Konzertchor Gymnasium Blankenese und Blankeneser Kammerorchester – Dieter von Sachs. Aula Gymnasium Blankenese.

20:00 Uhr, freie Platzwahl

Antiphon – „Laudate Dominum “
Text, Dieter von Sachs
Volkslied – „L`homme armé“
Guillaume Dufay – Messe: „L`homme armé“, Kyrie
Text, Katrin Redeker
Marc-Antoine Charpentier – „Te Deum“: Prélude, Bariton-Solo, Schlusschor (Bariton-Solo: Renato Kroll)
Text, Svea Meyer-Nixdorf)
Robert Schumann – „Die beiden Grenadiere“ (Tenor-Solo: Renato Kroll, Klavier: Brigitte Bollmann)
Robert Schumann – „Die Soldatenbraut“ (Sopran-Solo: Katrin Redeker, Klavier; Brigitte Bollmann)
Text, Anja Lemcke
Georg Friedrich Händel – Coronation Anthem
Text, Anja Lemcke
Ludwig van Beethoven – „God save the King“
Text, Florian Krohn
John Field – Klavierkonzert Nr. 1, 2. Satz (Klavier: Fabian Höfer)
Sergei Rachmaninow – Prélude g-Moll, op. 23 Nr. 5 (Klavier: Fabian Höfer)
Text, Charlotte Kohnert
Christophe Barratier – „Die Kinder des M. Mathieu“, Kyrie
Text, Océane Overbeck
Felix Mendelssohn Bartholdy – „Verleih uns Frieden“

15. Juni 2015

Philharmoniker Hamburg – Simone Young.
Laeiszhalle Hamburg.

20:00 Uhr, 1. Rang rechts, Loge 8, Reihe 1, Platz 2



Franz Schmidt – Das Buch mit sieben Siegeln / Aus dem Buch der Offenbarung des Johannes für Soli, Chor, Orchester und Orgel

(NDR Chor, Staatlicher Akademischer Chor Latvija, Klaus Florian Vogt (Tenor), Georg Zeppenfeld (Bass), Inga Kalna (Sopran), Bettina Ranch (Mezzosopran), Dovlet Nurgeldiyev (Tenor), Volker Krafft (Orgel))


Nachtrag zum gestrigen Konzert im Vergleich zu heute: Eigentlich hatte ich vermutet, daß der Rangplatz bei diesem groß mit Chor besetzten Werk akustische Vorteile gegenüber dem Parkett mit sich bringt – das Gegenteil war der Fall. Konnte ich gestern auf meinem Platz nahezu ideale Bedingungen genießen, was Ausgewogenheit und Schmackes insgesamt sowie Präsenz der Solisten anging, bekam der Chor heute ein teilweise fast unangenehmes Übergewicht. Da machte es sich doch bemerkbar, daß Schmidt es mit der Orchesterfülle eher mit Brahms denn Mahler hält.
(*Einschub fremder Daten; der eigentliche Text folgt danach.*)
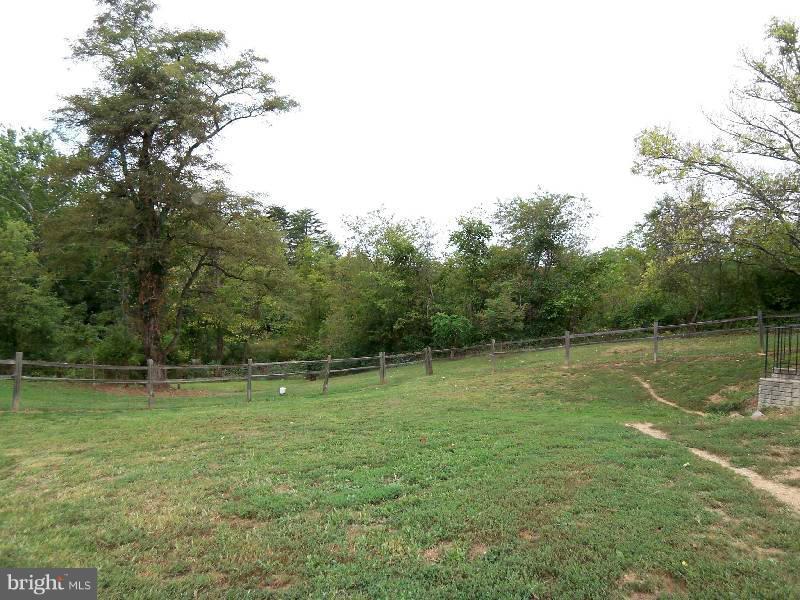 THORNHILL ESTATES - Residential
Auch die Ensemblestellen und der Vortrag des Propheten waren nicht allein räumlich von größerer Distanz geprägt. Doch nicht falsch verstehen: Ein Bombenkonzert bleibt ein Bombenkonzert, hätte ich die Erfahrung vom Vortag nicht gemacht, wäre ich ähnlich selig gewesen – so ergaben sich aber interessante Schlüsse für die zukünftige Platzwahl.

14. Juni 2015

Philharmoniker Hamburg – Simone Young.
Laeiszhalle Hamburg.

10:15 Uhr Einführung, 11:00 Uhr, Saal links, Reihe 7, Platz 12


Franz Schmidt – Das Buch mit sieben Siegeln / Aus dem Buch der Offenbarung des Johannes für Soli, Chor, Orchester und Orgel

(NDR Chor, Staatlicher Akademischer Chor Latvija, Klaus Florian Vogt (Tenor), Georg Zeppenfeld (Bass), Inga Kalna (Sopran), Bettina Ranch (Mezzosopran), Dovlet Nurgeldiyev (Tenor), Volker Krafft (Orgel))



Es gab wohl kein anderes Konzert, auf das ich mich bislang in diesem Jahr so sehr gefreut hatte, wie die Aufführung des gewaltigen Schmidt-Oratoriums. Eine Live-Premiere, von der ich mir nach intensiver Beschäftigung und Ins-Herz-Schließung über die letzten Jahre hinweg nun nicht weniger erhoffte, als eine sprichwörtliche wie musikalische Offenbarung. Ein besonderes Werk, prädestiniert für besondere Anlässe – Simone Youngs letztes Abokonzert als Chefin ihrer Philharmoniker nach zehn Jahren Hamburger Intendanz ist so einer.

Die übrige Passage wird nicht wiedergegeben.